As far as diseases go, cancer definitely isn’t the funniest. But after writer Will Reiser was diagnosed with cancer, he found it a cathartic experience to create a script based on his illness. As they say, laughter is the best medicine…
At 27, Adam (Joseph Gordon-Levitt) is doing alright for himself. He has a sexy girlfriend Rachael (Bryce Dallas Howard) and a good job at a radio station, with his best friend Kyle (Seth Rogen). He’s of a cautious demeanour, waiting at the pedestrian lights though the streets are empty, doesn’t smoke, doesn’t take drugs, doesn’t drink. He hasn’t told a girl that he loves her, or even been to Canada. He doesn’t have a drivers license because of the high mortality rate. What he does have is a huge tumour growing up his spine, his chances of survival are 50/50.
50/50 is undoubtedly a comedy, mixing Rogen’s trademark wit with gross-out gags, and darkly humorous moments with deft light touches. It never comes on too strong with sentimentality or sensationalism, and always seems very in touch with reality.
Dually, however, it doesn’t really delve into it’s concept. It skims over the top of a lot of the issues, and instead we find Adam burning Rachael’s art work, or smoking medical-grade marijuana with Kyle, again. More scope of emotion would have provided a depth to 50/50 that was sometimes lacking.
Only once did Adam really seem moved by his illness, and his character didn’t seem to develop throughout the picture. Perhaps that is more of a problem with society, though, expecting cancer patients to be more grateful for living once they have survived, or go to Canada just because they can.
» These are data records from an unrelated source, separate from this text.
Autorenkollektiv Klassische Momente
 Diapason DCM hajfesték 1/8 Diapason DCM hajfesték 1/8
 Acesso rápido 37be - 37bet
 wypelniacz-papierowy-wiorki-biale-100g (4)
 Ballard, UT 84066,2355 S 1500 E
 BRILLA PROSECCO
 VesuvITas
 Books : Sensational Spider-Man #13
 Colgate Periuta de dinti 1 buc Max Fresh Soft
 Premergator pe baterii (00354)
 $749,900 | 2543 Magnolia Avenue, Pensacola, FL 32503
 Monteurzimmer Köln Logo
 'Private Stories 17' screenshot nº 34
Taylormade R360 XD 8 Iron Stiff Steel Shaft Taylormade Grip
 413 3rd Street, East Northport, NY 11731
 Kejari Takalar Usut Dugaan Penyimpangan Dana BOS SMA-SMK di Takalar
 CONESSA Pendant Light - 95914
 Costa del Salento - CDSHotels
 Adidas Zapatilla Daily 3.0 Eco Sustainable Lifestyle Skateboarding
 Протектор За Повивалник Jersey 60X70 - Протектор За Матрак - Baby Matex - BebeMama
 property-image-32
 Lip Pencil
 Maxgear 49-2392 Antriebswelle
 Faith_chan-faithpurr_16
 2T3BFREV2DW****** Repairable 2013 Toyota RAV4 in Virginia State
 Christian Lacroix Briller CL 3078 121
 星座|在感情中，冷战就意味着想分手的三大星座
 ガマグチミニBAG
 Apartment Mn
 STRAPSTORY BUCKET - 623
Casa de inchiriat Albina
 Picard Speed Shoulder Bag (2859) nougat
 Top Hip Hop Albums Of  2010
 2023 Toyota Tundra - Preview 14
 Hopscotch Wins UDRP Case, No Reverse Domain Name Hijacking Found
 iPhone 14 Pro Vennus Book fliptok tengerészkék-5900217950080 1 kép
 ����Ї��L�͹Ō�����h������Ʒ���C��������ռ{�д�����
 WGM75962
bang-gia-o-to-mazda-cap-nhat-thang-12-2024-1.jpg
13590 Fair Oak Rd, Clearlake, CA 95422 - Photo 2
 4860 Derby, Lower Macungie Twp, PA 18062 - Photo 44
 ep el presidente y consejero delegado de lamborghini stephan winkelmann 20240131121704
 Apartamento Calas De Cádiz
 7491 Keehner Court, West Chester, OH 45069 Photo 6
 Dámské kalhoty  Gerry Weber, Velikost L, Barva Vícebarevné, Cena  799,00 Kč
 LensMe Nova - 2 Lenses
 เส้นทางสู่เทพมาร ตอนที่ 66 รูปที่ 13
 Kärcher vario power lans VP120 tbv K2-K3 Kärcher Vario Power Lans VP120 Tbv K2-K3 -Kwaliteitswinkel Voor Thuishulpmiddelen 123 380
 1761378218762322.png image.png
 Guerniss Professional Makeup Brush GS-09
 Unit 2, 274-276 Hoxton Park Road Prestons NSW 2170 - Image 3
The characters were enjoyable to watch, with strong performances given from the whole cast. Anjelica Houston as Adam’s worrying mother Diane was a great element to have in the film. Whilst she was fussing and irritating, she served to remind us that a relative having cancer is extremely tough to deal with. She also got the funniest line in the film, upon meeting Katherine for the first time. She mixed infuriating with vulnerability, and the movie was undoubtedly better off with her presence.
Rogen didn’t break any new ground, but that’s not what he was there for. His performance was funny and warm and predictable. Kendrick too was bright and perky, and whilst her story arc was predictable, it was pleasant enough to watch.
50/50, despite it’s ‘edgy’ subject matter, is a frothy, guy buddy-comedy. It has a couple of big laughs, a couple more smaller ones, and a handful of sweet, emotional moments too. It’s not a ground-breaker, but it deals with some tough issues with humour and a commendable deftness.
50/50 is playing at the London Film Festival on October 13, and comes on a UK general release November 25.